Can’t say which (if any) of these did it though. Like I said, different vehicle but food for thought.


----------



## blackbird (Nov 6, 2017)

I'm trying to recall off memory if the daytime running lights on the first gen use the high beams or low beams. If it's a lower voltage supplied to the high beams that would mean they could have a lot more run time.

While it would be odd for them to blow at exactly the same time, are you sure one hasn't been out for a while? With the high beams if you're not paying attention and driving in really dark conditions it can sometimes be easy to miss one going out.

On a lot of older cars where both side low and high beams are on the same electrical circuit it would be fairly common for both bulbs to go out around the same time if you didn't replace both. Over time the filament degrades and has oxidation that increases electrical resistance. If you put a new bulb in and leave an old one on the same circuit the current takes the path of least resistance, which usually means the new bulb which then burns out again.

I haven't looked at the wiring schematics for the Cruze lighting to confirm if that might be a problem with the wiring design, but that's usually why it isn't a bad idea on really old bulbs to replace them in pairs. Even if they're on separate electrical circuits the light output can be quite different between a new and old bulb.

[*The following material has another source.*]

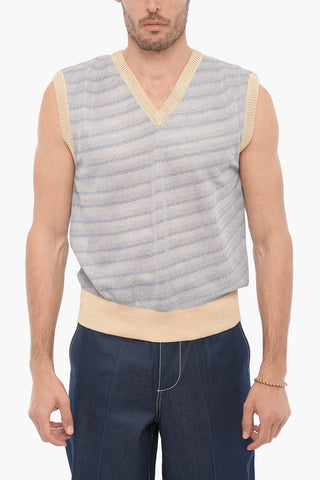 V-Neck Sleeveless Striped Sweater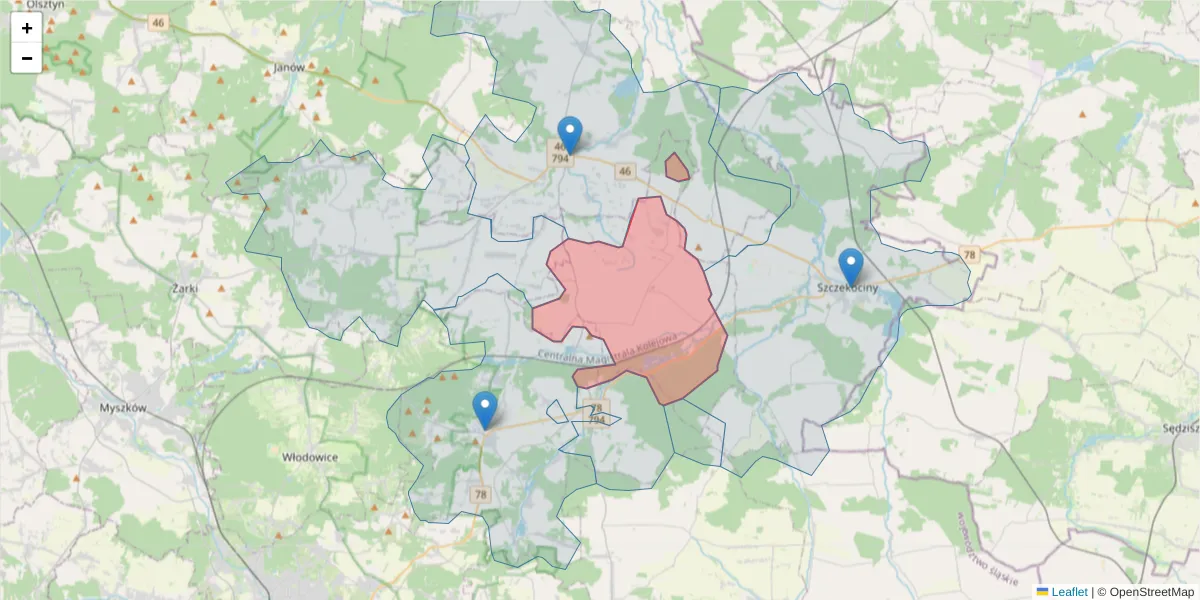 Szczegółowa mapa kodu pocztowego 42-446 z granicami, sąsiednimi kodami pocztowymi i urzędami pocztowymi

If the connectors look in decent shape and you don't have any repeat problems with the new bulbs it might be just odd timing they both went out. If another one goes out and you haven't touched the bulb surface during install (which can transfer oil from your skin and overheat the bulb capsule; if this happens wipe the bulb with a clean paper towel and rubbing alcohol), then maybe take a look at grounds and the wiring harness for any damage.


----------



## xczar (May 19, 2013)

blackbird said:


> While it would be odd for them to blow at exactly the same time, are you sure one hasn't been out for a while? With the high beams if you're not paying attention and driving in really dark conditions it can sometimes be easy to miss one going out.
> .


That is kinda what I`m thinking now. But I have to say, I drive a lot at night with the high beams on up here in northeastern PA, going to and from work in the pitch dark. Never noticed a change of brightness.
Really hoping the new set of bulbs take care of the problem. Don`t need something complicated ($$$) right now.


----------



## ChevyGuy (Dec 13, 2014)

The high beams are run off a relay controlled by the BCM. The daytime running lights use the low beams (because it's powered off the BCM directly and can use PWM to control the brightness.)Both bulbs get the same amount of time, and both are subject to the same potholes. I suppose it could be the filament was weak and about to go and a bad pothole (when off) finished the job. Then again, I'm not sure how noticeable the loss of one light would be. Since there's isn't that much to reflect on the driver's side when driving, it may not be as noticeable when it goes. I'd think you'd notice the loss of "side vision" if the passenger side went.


----------



## Juanton (Sep 26, 2016)

I had the same problem with my high beams too but it was wierd. I check the fuses and the fuse for the left high beam was missing. But it result in both highbeam to be out. Its wierd that i was missing it, but i dont use my highbeams anyway. Wonder if the fuse was missing from the very beginning but check your fuses. 

2011 cruze.


----------